Others, however, choose to celebrate Easter in different ways – such as donning their finest clothes as a way of showing off. Women, especially love to wear their flamboyant Easter hats, or bonnets, as they are serenated by their favorite song, “…In your Easter bonnet…you’ll be the grandest lady in the Easter parade.” And, so, yes, Easter parades are a tradition from El Paso to New York, but, none greater than in New York where tourists mix with natives to stroll down Fifth Avenue, which they’ve been doing since the 1880s. Equally well-dressed church-goers will stream in and out of places of worship, where attendance will be at an all-time high. Some of them, however, have not gone to Church since last Christmas.
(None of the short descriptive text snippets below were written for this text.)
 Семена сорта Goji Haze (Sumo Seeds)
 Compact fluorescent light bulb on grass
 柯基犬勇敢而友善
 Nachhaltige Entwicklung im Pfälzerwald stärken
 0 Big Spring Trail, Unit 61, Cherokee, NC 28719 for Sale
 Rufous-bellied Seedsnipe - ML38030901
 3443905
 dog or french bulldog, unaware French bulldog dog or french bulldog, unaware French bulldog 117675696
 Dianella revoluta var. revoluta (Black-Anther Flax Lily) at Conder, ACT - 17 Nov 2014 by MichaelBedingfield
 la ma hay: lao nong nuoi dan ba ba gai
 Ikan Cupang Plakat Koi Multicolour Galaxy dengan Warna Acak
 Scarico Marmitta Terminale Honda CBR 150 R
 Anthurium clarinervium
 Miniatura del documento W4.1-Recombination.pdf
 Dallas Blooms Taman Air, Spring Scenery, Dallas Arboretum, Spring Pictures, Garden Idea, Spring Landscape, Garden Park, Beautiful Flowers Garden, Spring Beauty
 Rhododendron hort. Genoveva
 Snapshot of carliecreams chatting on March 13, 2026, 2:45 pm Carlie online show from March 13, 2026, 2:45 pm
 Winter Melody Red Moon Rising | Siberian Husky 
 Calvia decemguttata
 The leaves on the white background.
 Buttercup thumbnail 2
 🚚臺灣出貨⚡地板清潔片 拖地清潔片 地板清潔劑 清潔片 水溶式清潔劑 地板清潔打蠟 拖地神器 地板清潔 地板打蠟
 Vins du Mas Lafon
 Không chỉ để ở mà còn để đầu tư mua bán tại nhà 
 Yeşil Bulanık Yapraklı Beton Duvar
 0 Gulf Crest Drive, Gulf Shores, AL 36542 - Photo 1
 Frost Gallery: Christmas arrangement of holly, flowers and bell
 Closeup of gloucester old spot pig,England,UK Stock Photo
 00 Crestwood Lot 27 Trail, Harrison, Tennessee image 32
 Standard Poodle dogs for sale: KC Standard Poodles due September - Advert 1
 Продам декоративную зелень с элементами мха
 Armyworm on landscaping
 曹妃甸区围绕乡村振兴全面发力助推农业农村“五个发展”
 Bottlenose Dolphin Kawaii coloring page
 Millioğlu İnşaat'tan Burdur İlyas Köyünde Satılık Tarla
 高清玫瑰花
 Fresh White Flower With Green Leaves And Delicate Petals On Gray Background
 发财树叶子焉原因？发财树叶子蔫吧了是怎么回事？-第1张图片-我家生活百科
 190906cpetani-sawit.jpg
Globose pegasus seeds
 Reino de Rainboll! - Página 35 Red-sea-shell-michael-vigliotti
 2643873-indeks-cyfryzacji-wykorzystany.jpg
There is a name for such people. They are called CEOs and this doesn’t mean that they are highly placed officials in their organizations. No, CEO stands for Christmas and Easter Only. Ruben Hernandez is a regular church goer who must get up early to go to Easter Mass this Sunday, if only to find a parking space and a seat inside the church. “I love going to Mass and I make it a point to go every Sunday and on other special occasions,” Hernandez said. “But, sometimes I feel like staying home and not attending Easter Mass because of the crowds. My church should reserve seats for those of us in regular attendance, make the twice-a-year goers stand in the rear.”
Mike Muller said he’s one of the CEOs and he only goes to church on those two Holy days because they are supremely important. “I don’t feel that I’m being selfish in only attending church twice a year,” Muller said. “It’s just my habit. I would go to church every Sunday, but it’s hard for me because of my job. But, Christmas and Easter are such special events, that I absolutely have to go.” Hernandez said, however that he has to be accepting of CEOs because at least they willing to make the sacrifice of being in church when Jesus was born and when he was re-born and ascended into heaven. “So, okay, for two days out of the year I’ll take a back seat and even park my car and walk a little farther. I still love to see my church filled to the brim. Remember, Jesus taught us to love one another, to love our neighbor. That’s what I’m doing.”